Sellés defendió su diagnóstico con datos de producción ofensiva: "Tenemos el mismo flujo ofensivo que el rival: llegadas, disparos, ocasiones. Estamos siendo tan buenos como cualquiera". Para el técnico, el Zaragoza ejecutó el plan y se plantó con opciones en el área, "pero sin acierto". "En tres ocasiones ellos han blocado un disparo en el centro de la portería. Estamos generando el juego que queremos: a través de la asociación nos hemos encontrado en uno contra uno y, a partir de ahí, tenemos que seguir creciendo", explicó.
La falta de pegada y la fragilidad en zonas determinantes marcaron el choque. "Tenemos que seguir mejorando y ajustando hasta que llegue ese gol", subrayó, poniendo el foco en los últimos metros. "Debemos trabajar la definición y la manera en que queremos llegar al área. Hemos tenido situaciones para definir y no lo hemos hecho bien. Es cuestión de ajustar. Estamos muy cerca de romperlo y vamos a seguir persistiendo".

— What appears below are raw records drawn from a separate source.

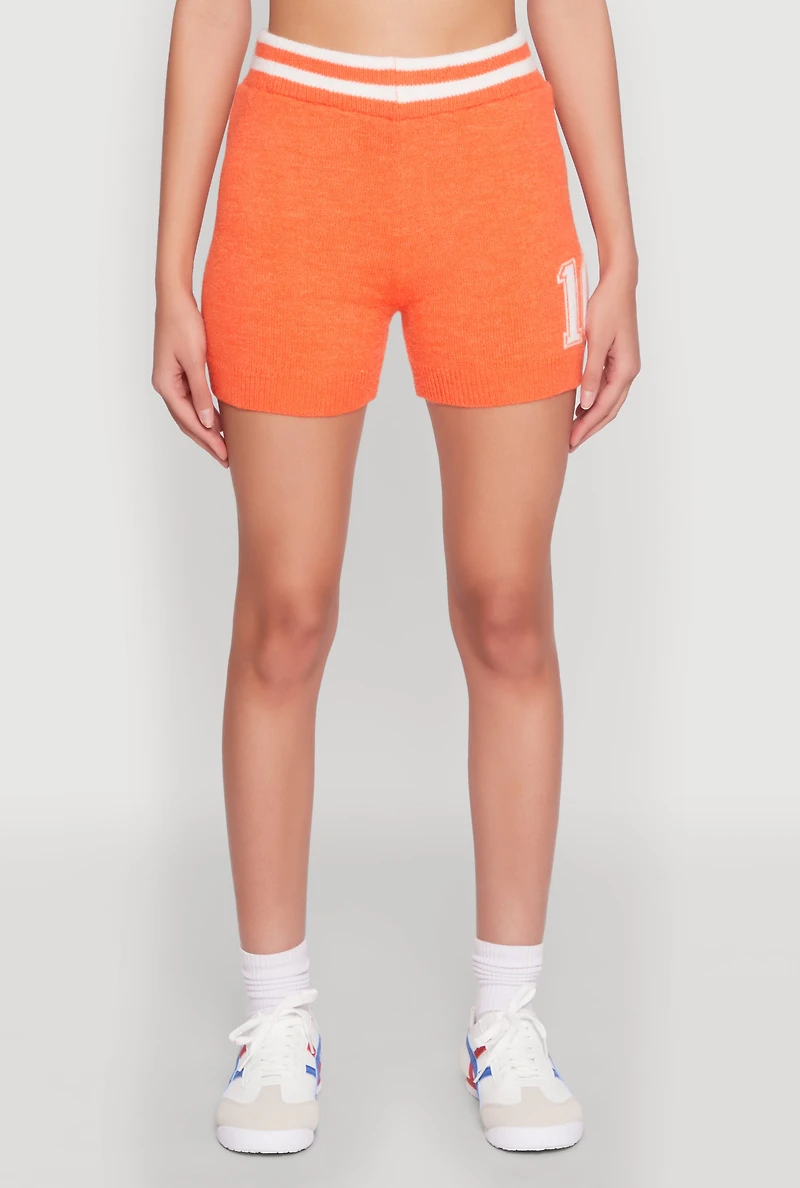 Womens Daisy 10 Varsity Stripe Shorts, Orange, Size S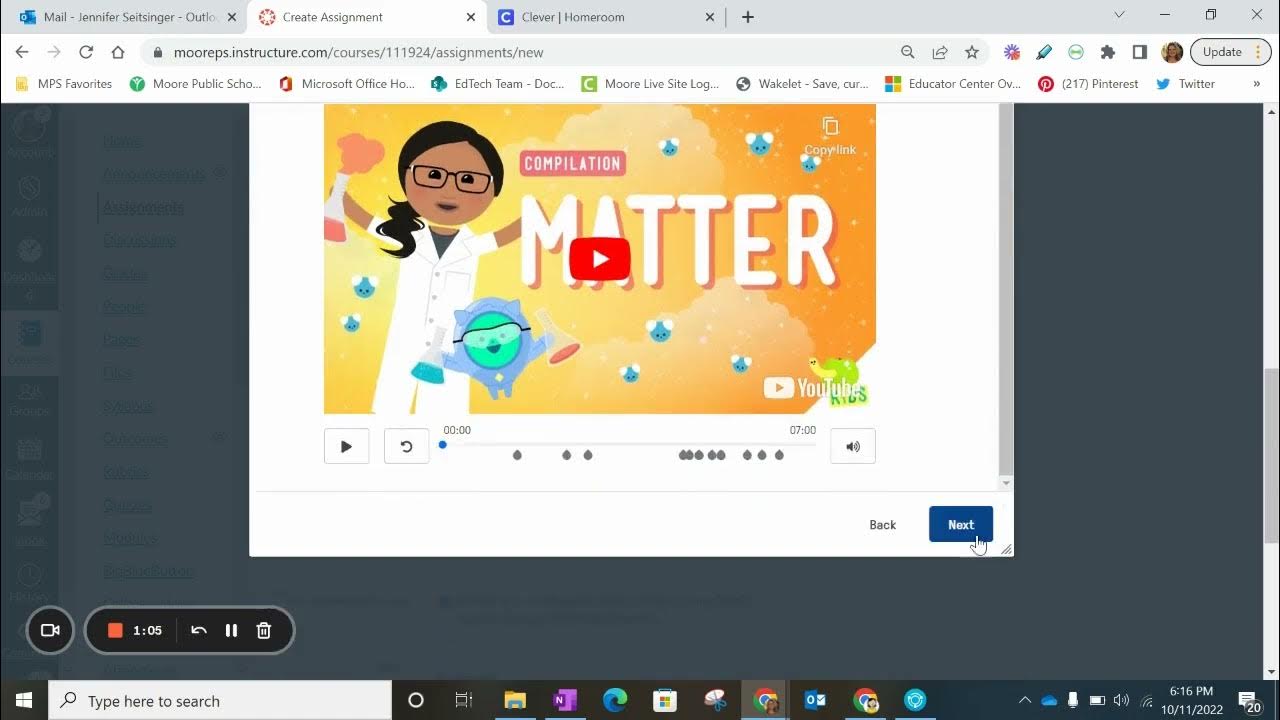 EdPuzzle & Canvas External Tool YouTube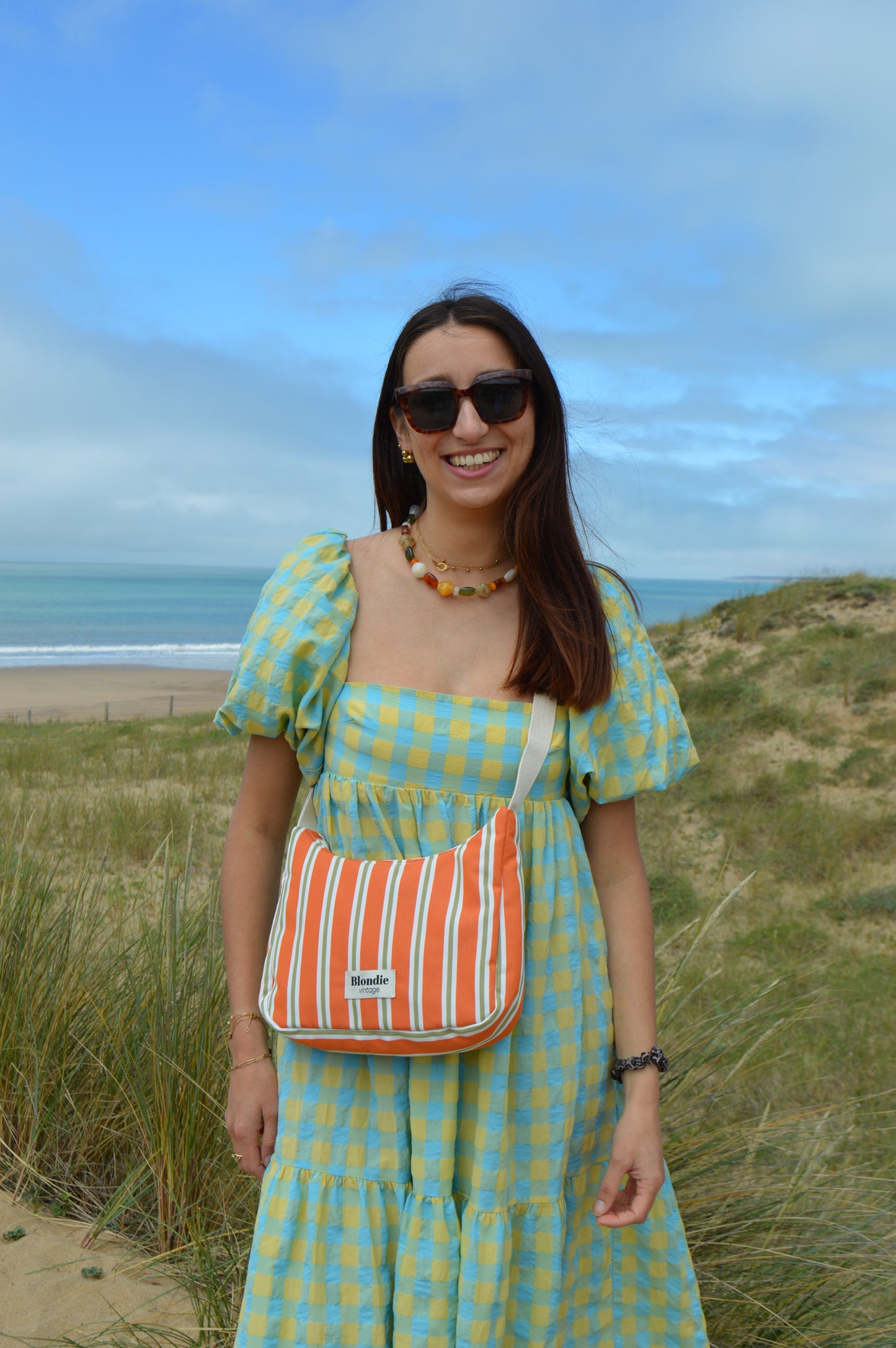 sac bandoulière fabriqué à la main à partir de tissus vintages rayé orange mode durable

El entrenador también valoró el debut liguero de Ale Gomes, que ya había participado en Copa. "Ha hecho un trabajo extraordinario. Tiene habilidades para competir en el primer equipo y lo ha demostrado en los dos partidos", dijo Sellés, matizando que "en el segundo gol puede hacer más, pero cualquier jugador hubiera estado en apuros en esa conducción". Aun así, calificó su actuación de "excelente" para un estreno y reclamó "seguir trabajando con él y darle confianza".
Con el equipo tocado anímicamente, Sellés quiso frenar cualquier atisbo de derrumbe en el vestuario. "Se gestiona desde ya porque son muchas cosas a la vez. El equipo compite y no creo que ninguno de los dos equipos haya sido mejor que nosotros", reiteró.
"La gestión pasa por mantener esa sensación de competitividad y mostrar dónde podemos ser mejores en el área rival, minimizando situaciones en la nuestra. Quedan muchos partidos: es cuestión de trabajar, persistir y saber que somos competitivos. Eso nos va a dar ese momento que lo cambie todo y podremos ganar partidos".
Sobre las protestas de la afición antes y durante el encuentro, el entrenador mostró comprensión. "Lo valoro como la situación que tenemos. La gente no está contenta porque estemos últimos y expresa su opinión. Todo el mundo tiene derecho a hacerlo si es de manera pacífica y educada", apuntó. "Nuestro deber es agachar la cabeza, seguir trabajando duro y hacer que vuelvan a sentirse orgullosos de nosotros".
En La Romareda quedó la sensación de un Zaragoza ordenado y combativo, pero carente de colmillo. Sellés busca que el “primer golpe” cambie la inercia. Hasta entonces, trabajo y persistencia.